M A I N * L I N K S
SUNY Fredonia
Division of Arts and Humanities
ENGL/INDS 240: Introduction to African American Literature and Culture
Fall 2008
Section 1: MWF 3-3:50, Fenton 174
Office: Fenton 265; MWF 1-2, Th 3-5, and by appointment; 673-3856
E-mail: simon@fredonia.edu; brucesimon18@yahoo.com
Web site: www.fredonia.edu/department/english/simon/
ANGEL space: https://angel.fredonia.edu/
City
If you thought we were missing out on a lot of country-related works, it'll probably make you feel worse to realize that we're missing out on an even greater number of city-related works, from takes on segregation-era Chicago like Richard Wright's autobiography Black Boy and August Wilson's play Ma Rainey's Black Bottom to the variegated cultural productions of the Harlem Renaissance (sometimes called the New Negro Renaissance to emphasize that it was a national phenomenon not limited to Harlem) and their relation to the modernist movement in Europe and America, to such post-Renaissance engagements with the city as Richard Wright's novel Native Son, Baldwin's and Ellison's many essay collections, Anne Petry's novel The Street (although we are getting a taste of it in our anthology), Paule Marshall's novel Brown Girl, Brownstones, William Attaway's novel Blood on the Forge, Chester Himes's novel If He Hollers Let Him Go, Amiri Baraka's play Dutchman, Gloria Naylor's novel The Women of Brewster Place, August Wilson's play Fences, or Rita Dove's book of poetry Thomas and Beulah--not to mention recent efforts to rethink the Harlem Renaissance era by such writers as Ishmael Reed (Mumbo Jumbo), Toni Morrison (most notably in Jazz, but she engages urban life in virtually every novel), or Samuel Delany (we're only reading a fragment of the brilliant novella Atlantis: Model 1924).
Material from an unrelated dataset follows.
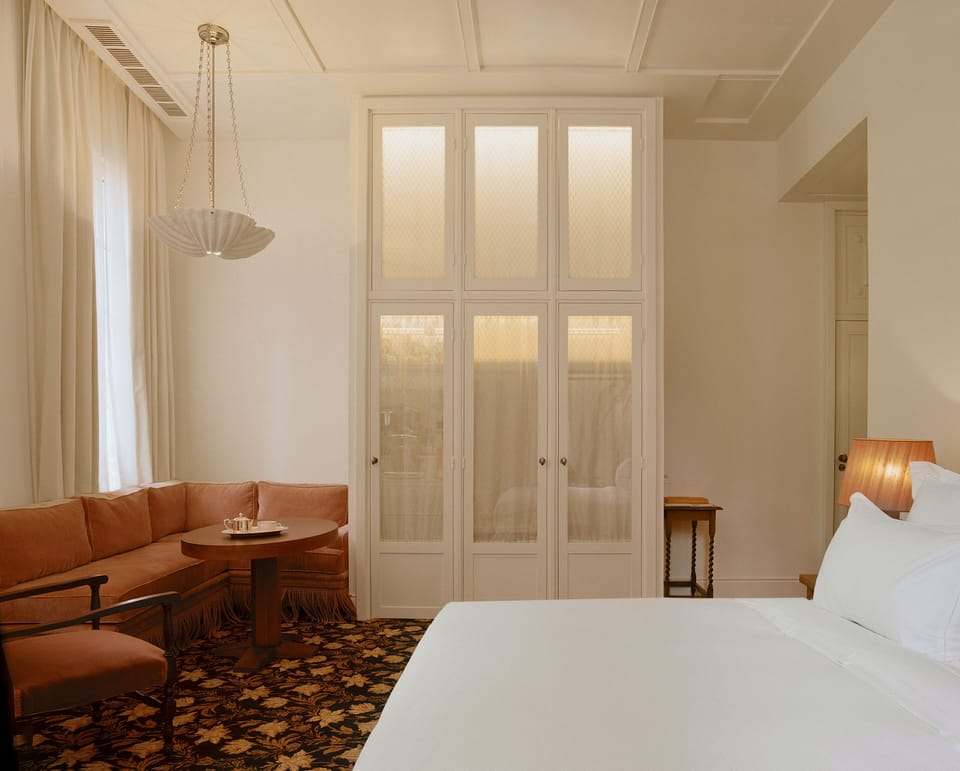Junior Suite | Premium bedding, pillowtop beds, minibar, in-room safe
What we'll do instead is focus on representations of urban life or perspectives on the relation between country and city in early-to-mid-twentieth century African American literature. We'll be building on representations of the city in the slave narratives we read by Douglass and Jacobs in the country unit, as well as focus on the other end of the great migration that was the foreground of Wilson's play set in 1911 Pittsburgh. We'll get a chance to read important works by Brooks and Hansberry in their entirety, along with excerpts from many others. You will have the option for your critical essay on this unit to contrast late twentieth century movies by African Americans and others and consider how representations of the city have changed over the course of the twentieth century. More generally, we will consider how a given writer responds to the place itself and to typical images of and narratives about that place in their times. What's at stake in the differing representations of and responses to the city, from the Harlem Renaissance to the blaxploitation and gangsta films of the past thirty years? Is the city a chance for a new start or just old wine in a new bottle? Is the city the cultural center of African American life, or does the country retain its position of prominence?
Suggestions for further exploration:
- Highly Recommended Movies: Do the Right Thing (Spike Lee, 1989, 120 min.); Boyz in the Hood (John Singleton, 1991, 112 min.); New Jack City (Mario Van Peebles, 1991, 101 min.); Deep Cover (Bill Duke, 1992, 107 min.); Menace II Society (Allen and Albert Hughes, 1993, 104 min.); Slam (Marc Levin, 1998, 100 min.)
- Wright and Left Politics. For a sense of the 1930s and 1940s political terrain in Harlem that Wright was implicitly commenting on in Black Boy, see the essays on that time period in Robin D.G. Kelley's Race Rebels: Culture, Politics, and the Black Working Class, Mark Naison's Communists in Harlem during the Depression, and William Maxwell's New Negro, Old Left: African American Writing and Communism between the Wars. Paul Buhle's Marxism in the United States: Remapping the History of the American Left, Barbara Foley's Radical Representations, and Michael Denning's The Cultural Front provide impressive re-imaginations of the period, as well.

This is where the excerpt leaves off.